Scraped caption text data:
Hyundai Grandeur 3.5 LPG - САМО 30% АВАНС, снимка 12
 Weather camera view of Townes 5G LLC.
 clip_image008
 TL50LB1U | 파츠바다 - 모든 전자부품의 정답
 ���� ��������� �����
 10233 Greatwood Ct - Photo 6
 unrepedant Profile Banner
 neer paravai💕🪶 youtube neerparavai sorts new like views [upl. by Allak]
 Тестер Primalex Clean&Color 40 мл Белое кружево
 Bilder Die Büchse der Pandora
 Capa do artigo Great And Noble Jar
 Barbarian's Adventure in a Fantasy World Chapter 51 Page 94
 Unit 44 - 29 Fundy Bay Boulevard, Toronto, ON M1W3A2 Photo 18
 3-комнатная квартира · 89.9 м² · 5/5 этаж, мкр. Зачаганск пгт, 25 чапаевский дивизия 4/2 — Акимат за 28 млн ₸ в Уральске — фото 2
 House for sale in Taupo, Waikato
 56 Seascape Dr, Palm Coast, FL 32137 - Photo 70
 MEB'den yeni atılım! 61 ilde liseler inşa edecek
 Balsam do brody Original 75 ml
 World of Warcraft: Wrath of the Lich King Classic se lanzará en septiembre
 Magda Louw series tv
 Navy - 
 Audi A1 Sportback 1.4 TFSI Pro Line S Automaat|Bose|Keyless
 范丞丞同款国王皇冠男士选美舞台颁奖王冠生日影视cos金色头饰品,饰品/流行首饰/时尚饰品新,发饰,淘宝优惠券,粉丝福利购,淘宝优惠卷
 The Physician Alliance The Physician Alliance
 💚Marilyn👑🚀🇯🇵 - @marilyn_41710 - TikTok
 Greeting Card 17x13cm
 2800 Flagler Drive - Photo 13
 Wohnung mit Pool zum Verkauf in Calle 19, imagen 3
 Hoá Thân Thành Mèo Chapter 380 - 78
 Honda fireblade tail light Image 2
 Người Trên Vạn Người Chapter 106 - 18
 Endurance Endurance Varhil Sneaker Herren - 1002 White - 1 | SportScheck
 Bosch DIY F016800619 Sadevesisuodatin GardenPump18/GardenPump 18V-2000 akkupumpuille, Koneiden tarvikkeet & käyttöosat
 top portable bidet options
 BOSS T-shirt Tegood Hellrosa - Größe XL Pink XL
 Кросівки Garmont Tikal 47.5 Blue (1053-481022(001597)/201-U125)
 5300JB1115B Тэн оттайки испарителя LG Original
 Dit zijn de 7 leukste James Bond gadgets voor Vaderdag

_Exercise requirements_. Copy out all the records exactly.

_Reply to the task_.
Hyundai Grandeur 3.5 LPG - САМО 30% АВАНС, снимка 12
 Weather camera view of Townes 5G LLC.
 clip_image008
 TL50LB1U | 파츠바다 - 모든 전자부품의 정답
 ���� ��������� �����
 10233 Greatwood Ct - Photo 6
 unrepedant Profile Banner
 neer paravai💕🪶 youtube neerparavai sorts new like views [upl. by Allak]
 Тестер Primalex Clean&Color 40 мл Белое кружево
 Bilder Die Büchse der Pandora
 Capa do artigo Great And Noble Jar
 Barbarian's Adventure in a Fantasy World Chapter 51 Page 94
 Unit 44 - 29 Fundy Bay Boulevard, Toronto, ON M1W3A2 Photo 18
 3-комнатная квартира · 89.9 м² · 5/5 этаж, мкр. Зачаганск пгт, 25 чапаевский дивизия 4/2 — Акимат за 28 млн ₸ в Уральске — фото 2
 House for sale in Taupo, Waikato
 56 Seascape Dr, Palm Coast, FL 32137 - Photo 70
 MEB'den yeni atılım! 61 ilde liseler inşa edecek
 Balsam do brody Original 75 ml
 World of Warcraft: Wrath of the Lich King Classic se lanzará en septiembre
 Magda Louw series tv
 Navy - 
 Audi A1 Sportback 1.4 TFSI Pro Line S Automaat|Bose|Keyless
 范丞丞同款国王皇冠男士选美舞台颁奖王冠生日影视cos金色头饰品,饰品/流行首饰/时尚饰品新,发饰,淘宝优惠券,粉丝福利购,淘宝优惠卷
 The Physician Alliance The Physician Alliance
 💚Marilyn👑🚀🇯🇵 - @marilyn_41710 - TikTok
 Greeting Card 17x13cm
 2800 Flagler Drive - Photo 13
 Wohnung mit Pool zum Verkauf in Calle 19, imagen 3
 Hoá Thân Thành Mèo Chapter 380 - 78
 Honda fireblade tail light Image 2
 Người Trên Vạn Người Chapter 106 - 18
 Endurance Endurance Varhil Sneaker Herren - 1002 White - 1 | SportScheck
 Bosch DIY F016800619 Sadevesisuodatin GardenPump18/GardenPump 18V-2000 akkupumpuille, Koneiden tarvikkeet & käyttöosat
 top portable bidet options
 BOSS T-shirt Tegood Hellrosa - Größe XL Pink XL
 Кросівки Garmont Tikal 47.5 Blue (1053-481022(001597)/201-U125)
 5300JB1115B Тэн оттайки испарителя LG Original
 Dit zijn de 7 leukste James Bond gadgets voor Vaderdag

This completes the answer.